My wife and I are the proud parents of six beautiful children. Raising six kids in this day and age is challenging, to say the least. We love each other very much, but with so many different personalities interacting, sometimes there is discord. For the most part, we all get along pretty well. But it hasn’t always been that way.
My wife and I started our yoga journey five years ago and have since immersed ourselves in yoga in every sense of the word. My wife, Yulady, is now an accomplished yoga teacher and I recently left my job as a criminal defense lawyer after 23 years and am now a yoga teacher as well. We both practice yoga everyday. We also practice asana everyday. The transformation yoga has brought about in our lives as people and parents is staggering.
Before we practiced everyday, we were exercise fanatics. We enjoyed many forms of exercise such as rock climbing, weightlifting, cardio, etc. The physical benefits of exercise can’t be denied and we rode those endorphins for many years.
While we were physically strong and in shape, everything else was a mess. We were quick to become angry at the smallest of issues. We used very traditional parenting methods (time-outs, grounding, taking away privileges, etc.) and thought we were doing a good job of preparing our children for the world.
In reality, we were not creating serenity in our home. Both my wife and I carried a tremendous amount of stress. We felt like the world owed us something and we generally thought of our own needs before thinking about the needs of others, including our children. Although we didn’t realize it, we passed this stress along to our children.
Then we found yoga. Believe it or not my ex-wife, with whom we maintained an excellent relationship, suggested we take a yoga class to complement the other exercises we were doing. The light switch didn’t go on immediately. We simply exercised through what we thought was yoga, namely asana practice. It felt marvelous every time we left a class. Our obsession with other exercise fell off sharply.

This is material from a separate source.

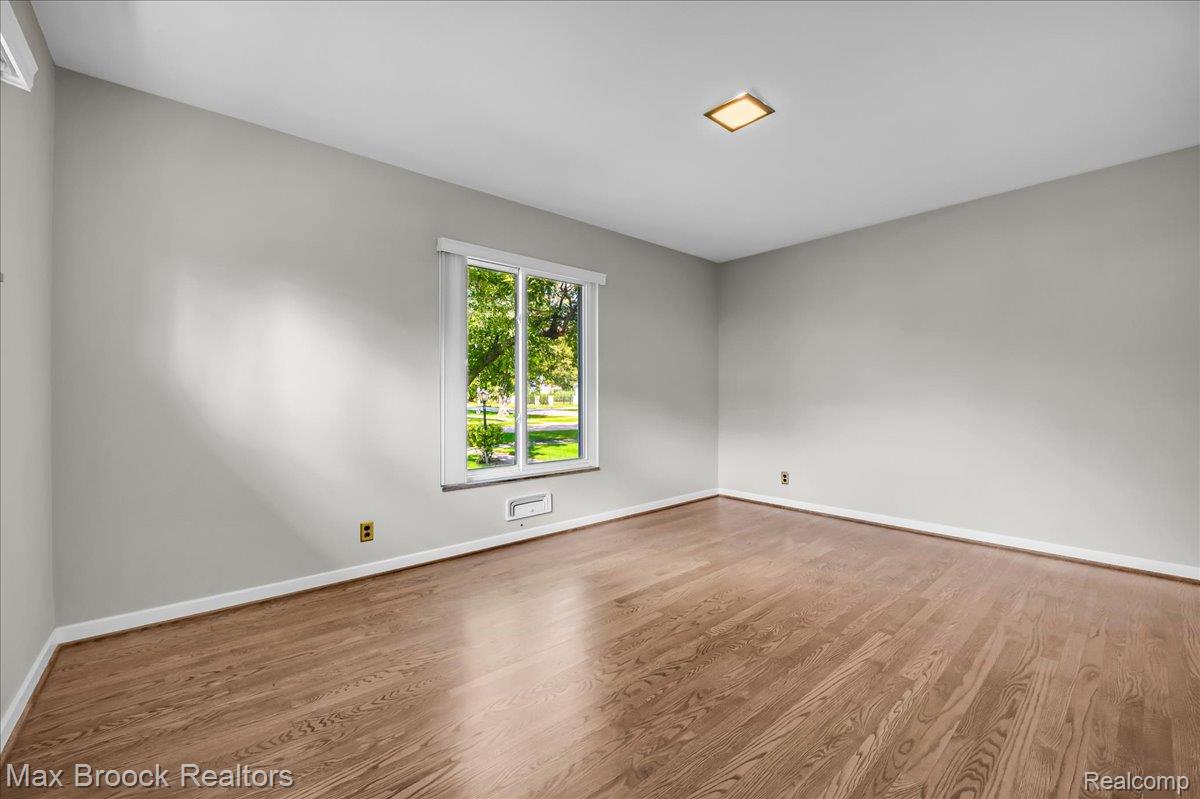17825 Kinross Ave Property Photo 29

The draw of yoga was so powerful, and we were so new and naïve, that we had no clue why we felt like we did. As our interest and knowledge grew and we soon learned that yoga had a much broader definition than poses and was instead a lifestyle, encompassing everything from diet to meditation and even breathing.

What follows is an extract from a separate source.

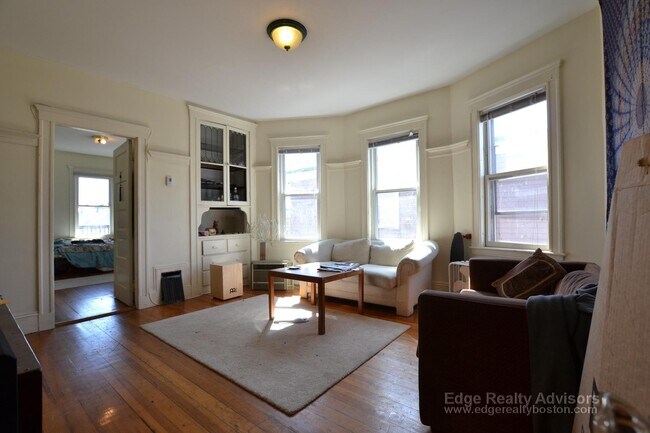 48 Easton St, Unit 3 in Boston, MA - Building Photo - Building Photo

As we delved into yoga, our lives changed, and our attitudes toward everything changed. Our parenting style radically changed. When there was fighting between the kids, we would attack the issue from a totally different place, a place of deep love and kindness. Instead of time-outs and punishments, we would sit them down and do breathing exercises and meditation techniques.
As if by magic, the children were changing before our eyes. The breathing and meditation we were using with them really was an attractive solution that the kids actually enjoyed. Our children saw the difference. Our children became more and more curious about meditation, asana, and breath exercises, basically all of it because they saw how different we had become.
Our home became a quite place, full of love and caring. Gone were the bickering, fighting, selfishness and angst. By infusing our yoga practice into our parenting, we had found a way to help our children deal with life on a more authentic and original level.
Instead of punishing our kids, we help them meditate on what they did wrong. Now they like to meditate just because it brings peace and calm. Instead of yelling at them about this or that, we sit quietly with them and do breathing exercises. Now we don’t have to explain the benefits of the breathing exercises because they do them on their own. Instead of getting angry, we practice asana with them.
Guess what? Now they ask to practice asana with us. They range in age from 6 to 19 and they get it. Yoga works. It makes you a better person and certainly a better parent. We believe it’s our job as parents to give our children the tools to handle life. We freely give to them what was given to us. Raising little yogis is not easy, but it’s a heck of a lot easier than raising little non-yogis! I know our children will pass this gift to their own children.